Finally defendant argues that the judgment is invalid because the jury did not return a verdict. It appears that after plaintiff's motion for a directed verdict was granted, the trial judge dismissed the jury without a verdict being signed. Defendant argues it did not waive a jury trial to which it is entitled under VII Amendment to the United States Constitution. Defendant failed to object when the jury was discharged, and did not raise this ground upon its motion for a new trial. In accordance with precedent and custom, it would have been better practice to have had the foreman of the jury sign the verdict at the direction of the court. However, where the trial court's attention was not invited to the failure, we do not regard the omission as reversible error. The determination was entirely that of the court; the jury had no further function except perhaps in a ministerial capacity. Situations have arisen where a jury has refused to sign a verdict as directed by the court, but that has never been considered to be fatal to the judgment that was thereafter entered.

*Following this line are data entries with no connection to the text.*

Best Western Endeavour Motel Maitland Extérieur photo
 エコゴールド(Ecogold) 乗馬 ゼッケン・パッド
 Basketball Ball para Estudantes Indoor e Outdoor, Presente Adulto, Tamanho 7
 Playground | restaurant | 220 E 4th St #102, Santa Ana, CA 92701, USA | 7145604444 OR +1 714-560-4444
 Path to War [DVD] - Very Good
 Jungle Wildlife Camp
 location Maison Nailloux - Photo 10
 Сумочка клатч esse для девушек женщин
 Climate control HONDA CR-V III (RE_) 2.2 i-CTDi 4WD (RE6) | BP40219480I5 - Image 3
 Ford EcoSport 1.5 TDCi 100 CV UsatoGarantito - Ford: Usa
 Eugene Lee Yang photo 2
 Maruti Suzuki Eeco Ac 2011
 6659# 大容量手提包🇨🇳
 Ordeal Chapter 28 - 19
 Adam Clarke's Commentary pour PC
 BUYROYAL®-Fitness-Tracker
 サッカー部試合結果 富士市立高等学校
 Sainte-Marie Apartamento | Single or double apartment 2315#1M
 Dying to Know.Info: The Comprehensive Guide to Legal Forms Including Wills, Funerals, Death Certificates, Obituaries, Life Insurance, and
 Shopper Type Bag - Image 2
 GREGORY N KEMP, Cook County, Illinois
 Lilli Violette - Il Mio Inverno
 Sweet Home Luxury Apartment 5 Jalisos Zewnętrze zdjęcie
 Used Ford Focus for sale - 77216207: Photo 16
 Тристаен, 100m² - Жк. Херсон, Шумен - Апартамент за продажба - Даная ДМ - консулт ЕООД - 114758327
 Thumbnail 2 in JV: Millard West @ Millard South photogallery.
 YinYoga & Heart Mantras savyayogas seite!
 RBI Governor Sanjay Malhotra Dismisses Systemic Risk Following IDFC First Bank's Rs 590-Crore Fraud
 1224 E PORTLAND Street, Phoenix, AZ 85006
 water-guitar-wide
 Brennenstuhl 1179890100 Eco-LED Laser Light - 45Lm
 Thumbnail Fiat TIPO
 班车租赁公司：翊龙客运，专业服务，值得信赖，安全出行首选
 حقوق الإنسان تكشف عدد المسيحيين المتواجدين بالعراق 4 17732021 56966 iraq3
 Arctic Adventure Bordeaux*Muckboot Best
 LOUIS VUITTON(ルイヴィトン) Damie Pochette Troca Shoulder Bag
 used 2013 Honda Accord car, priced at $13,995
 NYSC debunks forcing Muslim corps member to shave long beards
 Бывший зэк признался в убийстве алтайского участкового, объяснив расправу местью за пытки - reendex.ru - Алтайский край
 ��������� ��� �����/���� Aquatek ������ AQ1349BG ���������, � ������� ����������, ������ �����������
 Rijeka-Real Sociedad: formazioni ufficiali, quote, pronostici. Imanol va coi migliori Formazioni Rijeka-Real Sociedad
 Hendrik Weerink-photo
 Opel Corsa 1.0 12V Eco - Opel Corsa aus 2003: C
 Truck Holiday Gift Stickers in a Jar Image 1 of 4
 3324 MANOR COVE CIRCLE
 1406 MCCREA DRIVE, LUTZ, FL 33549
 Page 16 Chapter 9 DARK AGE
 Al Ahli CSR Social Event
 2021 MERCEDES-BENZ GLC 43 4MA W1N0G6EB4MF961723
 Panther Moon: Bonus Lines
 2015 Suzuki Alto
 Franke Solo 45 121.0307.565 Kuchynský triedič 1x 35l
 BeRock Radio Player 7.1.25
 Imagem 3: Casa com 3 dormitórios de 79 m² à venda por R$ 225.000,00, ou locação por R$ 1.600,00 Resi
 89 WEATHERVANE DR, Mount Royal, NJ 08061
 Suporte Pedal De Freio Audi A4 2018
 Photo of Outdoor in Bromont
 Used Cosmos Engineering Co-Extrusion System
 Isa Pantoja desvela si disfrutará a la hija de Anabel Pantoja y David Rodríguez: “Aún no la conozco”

In Domarek v. Bates Motor Transport Lines, Inc., 7 Cir., 93 F.2d 522, at the time that the Conformity Act was in effect, this court concluded that the Illinois Civil Practice Act and Rule 22 of the Supreme Court of Illinois, Smith-Hurd Stats. c. 110, §§ 192(3), subd. a, 259.22, authorized the entry of a judgment even though the jury had failed to return a verdict. See also discussion on this point in Cahill v. Chicago, M. & St. P.R. Co., 7 Cir., 74 F. 285; and in Moore et al. v. Petty et al., 8 Cir., 135 F. 668.
Finding no error, the judgment of the trial court is affirmed.